_Exercise_
Print exactly the line that contains "Peştanoz Peştemal: Yüksek", then every following line through the end of the material; include nothing else and no pictures.

═════ Information provided ═════

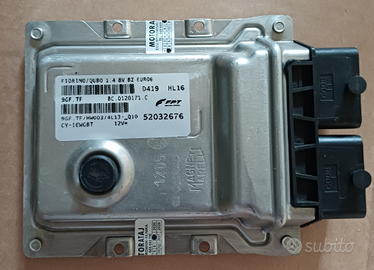 Fiat Fiorino Van - Ricambio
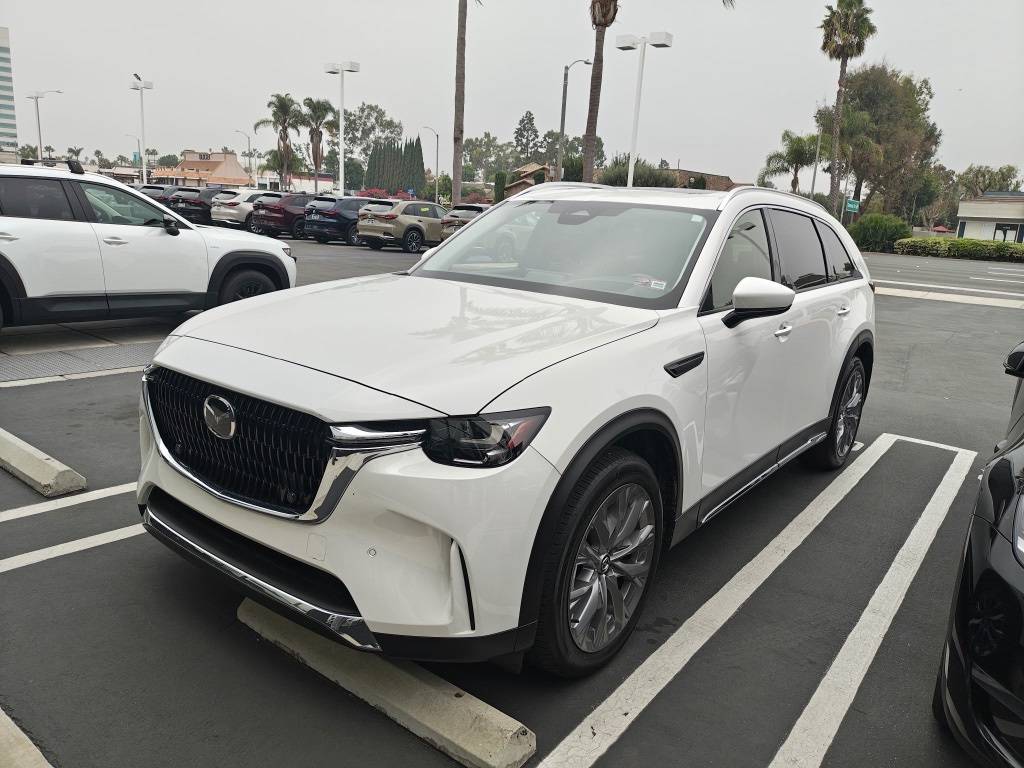 2024 Mazda CX-90 Premium — SUV — 8,573 mi — Huntington Beach, CA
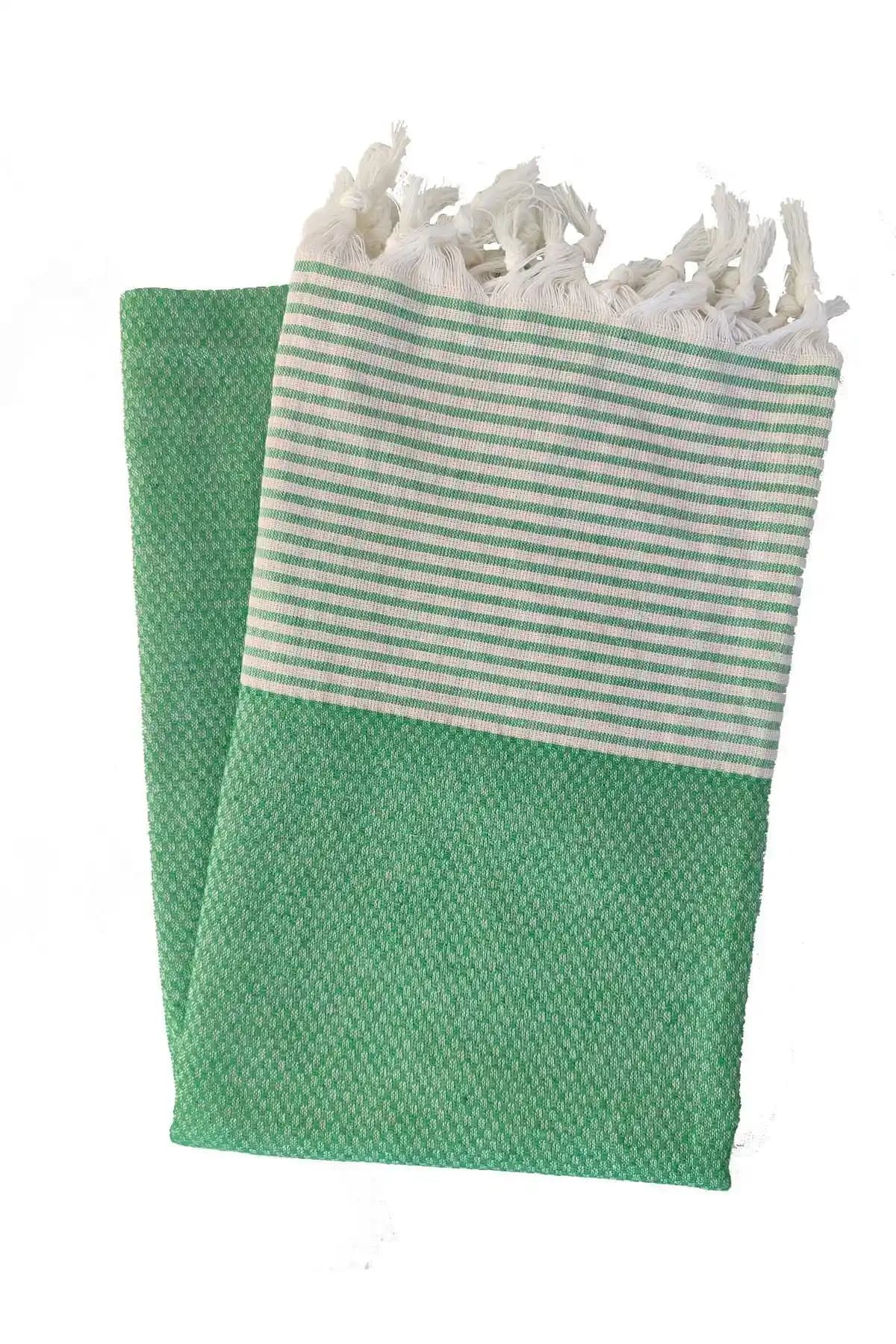 Peştanoz Peştemal: Yüksek Kalite ve Şıklık Sunan Doğal Pamuklu Plaj ve Banyo Havlusu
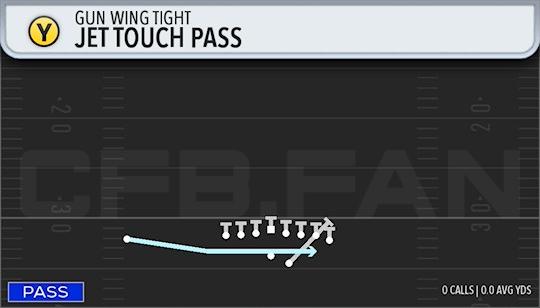 JET TOUCH PASS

═════

_Exercise answer_
 Peştanoz Peştemal: Yüksek Kalite ve Şıklık Sunan Doğal Pamuklu Plaj ve Banyo Havlusu
 JET TOUCH PASS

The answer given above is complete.